# DATASET RECORDS
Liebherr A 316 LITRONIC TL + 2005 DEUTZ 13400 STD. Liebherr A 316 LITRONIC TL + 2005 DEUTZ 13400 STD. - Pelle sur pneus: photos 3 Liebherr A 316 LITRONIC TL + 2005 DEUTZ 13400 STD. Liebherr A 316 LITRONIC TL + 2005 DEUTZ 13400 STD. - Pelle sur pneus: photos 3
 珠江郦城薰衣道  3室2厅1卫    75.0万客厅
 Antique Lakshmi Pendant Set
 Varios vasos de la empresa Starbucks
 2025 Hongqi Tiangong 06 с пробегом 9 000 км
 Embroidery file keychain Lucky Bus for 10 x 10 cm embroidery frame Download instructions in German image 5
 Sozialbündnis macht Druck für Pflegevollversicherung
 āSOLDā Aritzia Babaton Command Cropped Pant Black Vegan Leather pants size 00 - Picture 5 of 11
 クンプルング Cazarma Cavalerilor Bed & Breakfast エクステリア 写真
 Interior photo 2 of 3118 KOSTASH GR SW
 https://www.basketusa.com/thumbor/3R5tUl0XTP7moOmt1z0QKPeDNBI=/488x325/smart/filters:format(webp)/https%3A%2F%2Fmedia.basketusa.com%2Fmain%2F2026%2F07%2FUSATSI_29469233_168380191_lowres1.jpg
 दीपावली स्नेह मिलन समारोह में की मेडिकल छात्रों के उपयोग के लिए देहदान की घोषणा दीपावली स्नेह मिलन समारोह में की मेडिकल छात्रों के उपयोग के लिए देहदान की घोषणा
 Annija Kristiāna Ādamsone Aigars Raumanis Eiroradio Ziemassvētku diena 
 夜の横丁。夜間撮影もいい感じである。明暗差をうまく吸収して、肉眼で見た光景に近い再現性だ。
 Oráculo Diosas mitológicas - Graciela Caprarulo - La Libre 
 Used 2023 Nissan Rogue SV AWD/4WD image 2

# WORK INSTRUCTION
Find the word "image" in the data and show each line that holds it.

# ANSWER TO THE EXERCISE
 Embroidery file keychain Lucky Bus for 10 x 10 cm embroidery frame Download instructions in German image 5
 Used 2023 Nissan Rogue SV AWD/4WD image 2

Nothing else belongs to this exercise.